Michael Applebaum replied that it was up to the local residents association to come forward in a timely manner if it wanted to stop the project. He said that Boulay had been misled by Projet Montreal councillor Peter McQueen if, as she reported, he simply told her to come to the council meeting. “The public notification process was carried out in due form and public notices were published in the newspapers. Demolition committees were convened. Your local councillor had a responsibility to follow up on your concerns. Well, he never did. In fact, he seconded the proposition when it came to the vote,” reminded the mayor.

Michael Applebaum proposed delaying approval of the project. “Be assured that I will personally ask that our department provide explanations and answers to your questions.
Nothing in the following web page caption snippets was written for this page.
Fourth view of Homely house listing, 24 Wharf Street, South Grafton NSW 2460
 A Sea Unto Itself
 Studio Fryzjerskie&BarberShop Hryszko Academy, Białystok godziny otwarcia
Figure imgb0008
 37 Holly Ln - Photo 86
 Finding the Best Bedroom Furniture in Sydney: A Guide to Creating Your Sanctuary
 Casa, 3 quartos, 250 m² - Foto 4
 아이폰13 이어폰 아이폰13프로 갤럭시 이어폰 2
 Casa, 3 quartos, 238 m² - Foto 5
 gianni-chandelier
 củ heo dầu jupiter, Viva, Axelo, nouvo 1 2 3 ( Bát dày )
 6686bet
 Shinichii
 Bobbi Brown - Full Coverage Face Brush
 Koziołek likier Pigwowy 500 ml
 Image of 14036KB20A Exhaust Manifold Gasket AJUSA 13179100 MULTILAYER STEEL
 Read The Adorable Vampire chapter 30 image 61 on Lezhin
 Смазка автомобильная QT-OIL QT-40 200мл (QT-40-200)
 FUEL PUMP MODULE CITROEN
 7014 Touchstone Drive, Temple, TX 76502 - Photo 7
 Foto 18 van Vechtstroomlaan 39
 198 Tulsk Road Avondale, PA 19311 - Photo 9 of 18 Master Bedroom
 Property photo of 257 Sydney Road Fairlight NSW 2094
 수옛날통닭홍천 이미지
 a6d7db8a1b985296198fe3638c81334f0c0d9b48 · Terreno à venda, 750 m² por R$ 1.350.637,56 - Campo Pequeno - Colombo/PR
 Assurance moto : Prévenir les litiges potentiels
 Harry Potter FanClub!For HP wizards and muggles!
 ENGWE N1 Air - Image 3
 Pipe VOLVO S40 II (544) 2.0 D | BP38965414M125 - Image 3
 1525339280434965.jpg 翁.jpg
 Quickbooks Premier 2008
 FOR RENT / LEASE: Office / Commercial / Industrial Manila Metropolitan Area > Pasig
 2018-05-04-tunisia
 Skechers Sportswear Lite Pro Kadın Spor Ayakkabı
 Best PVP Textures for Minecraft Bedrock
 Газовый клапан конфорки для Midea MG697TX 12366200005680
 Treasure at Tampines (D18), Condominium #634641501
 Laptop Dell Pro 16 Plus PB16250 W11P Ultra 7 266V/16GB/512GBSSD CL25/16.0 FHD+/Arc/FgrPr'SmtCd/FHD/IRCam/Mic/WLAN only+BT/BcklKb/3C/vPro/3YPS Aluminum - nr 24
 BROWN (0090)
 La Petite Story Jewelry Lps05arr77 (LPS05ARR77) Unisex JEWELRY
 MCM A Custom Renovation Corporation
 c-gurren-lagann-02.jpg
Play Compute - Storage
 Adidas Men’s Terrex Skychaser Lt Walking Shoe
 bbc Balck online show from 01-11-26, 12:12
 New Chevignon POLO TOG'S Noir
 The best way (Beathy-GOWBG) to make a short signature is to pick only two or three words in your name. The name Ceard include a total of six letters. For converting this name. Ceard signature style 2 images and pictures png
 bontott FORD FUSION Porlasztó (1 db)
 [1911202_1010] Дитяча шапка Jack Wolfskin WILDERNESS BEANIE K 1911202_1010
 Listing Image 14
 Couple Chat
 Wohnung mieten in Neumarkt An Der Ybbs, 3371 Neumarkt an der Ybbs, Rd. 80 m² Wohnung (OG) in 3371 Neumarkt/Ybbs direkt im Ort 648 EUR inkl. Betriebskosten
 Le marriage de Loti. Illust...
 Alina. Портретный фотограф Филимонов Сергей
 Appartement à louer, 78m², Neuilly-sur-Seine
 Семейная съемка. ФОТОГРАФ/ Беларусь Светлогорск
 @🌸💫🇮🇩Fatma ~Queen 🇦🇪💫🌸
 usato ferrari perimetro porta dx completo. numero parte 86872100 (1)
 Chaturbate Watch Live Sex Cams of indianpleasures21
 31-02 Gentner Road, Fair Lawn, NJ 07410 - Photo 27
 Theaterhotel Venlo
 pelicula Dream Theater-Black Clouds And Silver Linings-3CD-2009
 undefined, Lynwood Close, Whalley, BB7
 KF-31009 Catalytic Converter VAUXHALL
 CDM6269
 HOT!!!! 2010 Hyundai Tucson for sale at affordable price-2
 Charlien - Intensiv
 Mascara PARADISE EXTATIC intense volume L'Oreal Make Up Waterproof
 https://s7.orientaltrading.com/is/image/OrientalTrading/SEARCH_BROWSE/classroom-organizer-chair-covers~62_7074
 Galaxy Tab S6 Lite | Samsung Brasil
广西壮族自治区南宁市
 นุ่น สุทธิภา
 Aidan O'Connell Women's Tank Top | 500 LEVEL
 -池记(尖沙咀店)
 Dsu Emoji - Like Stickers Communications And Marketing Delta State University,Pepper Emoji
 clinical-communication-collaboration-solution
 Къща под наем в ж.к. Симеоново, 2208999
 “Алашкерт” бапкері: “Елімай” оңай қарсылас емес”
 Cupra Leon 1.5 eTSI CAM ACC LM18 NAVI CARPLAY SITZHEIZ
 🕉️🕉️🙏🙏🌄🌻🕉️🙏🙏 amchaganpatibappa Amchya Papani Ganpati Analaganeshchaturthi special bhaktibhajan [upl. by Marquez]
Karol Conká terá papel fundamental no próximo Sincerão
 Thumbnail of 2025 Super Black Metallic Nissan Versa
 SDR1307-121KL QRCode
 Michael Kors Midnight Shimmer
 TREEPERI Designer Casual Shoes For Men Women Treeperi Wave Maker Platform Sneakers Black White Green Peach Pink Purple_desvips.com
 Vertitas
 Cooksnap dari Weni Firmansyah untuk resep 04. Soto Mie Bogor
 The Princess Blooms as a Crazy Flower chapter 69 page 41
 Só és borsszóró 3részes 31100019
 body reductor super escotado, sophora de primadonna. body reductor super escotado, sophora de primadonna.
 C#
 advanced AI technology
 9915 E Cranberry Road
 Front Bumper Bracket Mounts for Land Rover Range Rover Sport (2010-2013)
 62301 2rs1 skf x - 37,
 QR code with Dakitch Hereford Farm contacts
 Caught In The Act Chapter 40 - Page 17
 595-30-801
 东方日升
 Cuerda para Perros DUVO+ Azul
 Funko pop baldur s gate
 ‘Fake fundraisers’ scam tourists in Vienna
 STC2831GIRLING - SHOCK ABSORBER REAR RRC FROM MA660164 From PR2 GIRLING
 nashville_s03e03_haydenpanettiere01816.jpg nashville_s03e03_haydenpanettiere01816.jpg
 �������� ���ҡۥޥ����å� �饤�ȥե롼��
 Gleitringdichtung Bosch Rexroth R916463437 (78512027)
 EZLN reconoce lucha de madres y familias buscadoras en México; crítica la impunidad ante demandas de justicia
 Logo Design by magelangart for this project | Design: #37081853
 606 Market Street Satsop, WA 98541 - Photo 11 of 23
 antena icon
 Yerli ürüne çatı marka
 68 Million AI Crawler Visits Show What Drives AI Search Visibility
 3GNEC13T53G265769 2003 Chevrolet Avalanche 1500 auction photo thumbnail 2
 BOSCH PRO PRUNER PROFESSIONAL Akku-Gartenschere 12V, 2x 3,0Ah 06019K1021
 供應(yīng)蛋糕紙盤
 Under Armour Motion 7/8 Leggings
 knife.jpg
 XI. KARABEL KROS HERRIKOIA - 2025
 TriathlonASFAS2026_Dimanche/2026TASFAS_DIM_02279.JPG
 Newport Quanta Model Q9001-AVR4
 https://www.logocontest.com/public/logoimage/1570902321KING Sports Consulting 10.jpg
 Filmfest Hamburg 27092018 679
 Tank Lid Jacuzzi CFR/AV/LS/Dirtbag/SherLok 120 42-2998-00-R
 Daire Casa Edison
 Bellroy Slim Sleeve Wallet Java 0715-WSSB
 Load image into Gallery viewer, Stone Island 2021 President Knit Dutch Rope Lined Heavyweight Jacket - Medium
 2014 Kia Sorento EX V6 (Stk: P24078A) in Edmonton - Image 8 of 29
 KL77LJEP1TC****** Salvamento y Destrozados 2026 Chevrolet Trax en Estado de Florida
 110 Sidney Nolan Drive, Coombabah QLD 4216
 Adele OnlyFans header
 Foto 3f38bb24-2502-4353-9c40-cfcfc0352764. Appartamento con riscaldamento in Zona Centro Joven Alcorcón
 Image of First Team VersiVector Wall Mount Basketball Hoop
I assure you that if your councillor doesn’t do his work, I will do it myself,“ he promised.

Councillor McQueen protested and requested a clarification with respect to the timeframe allowed at a specific point in the consultation process. The mayor called him to order repeatedly and McQueen was drowned out by the mayor while Boulay voiced her concerns about the conduct of the meeting.

“You’ve been bashing this councillor tonight. We obviously have a whole lot of people here supporting us. I would like to know what exactly we have to do to present a petition from those who are not interested in 30 additional units on a little street, a project that will create who knows how much more traffic in the area,” she exclaimed.

Michael Applebaum said that the project will be discussed at the next council meeting. He asked that Urbanisme head Daniel Lafond be clear as to where the project stands, now that the referendum process is over. Lafond is also to further explain the process whereby residents have a right to petition and hold a registry.

Council voted in favour of delaying any decision to proceed with the project until the next council meeting.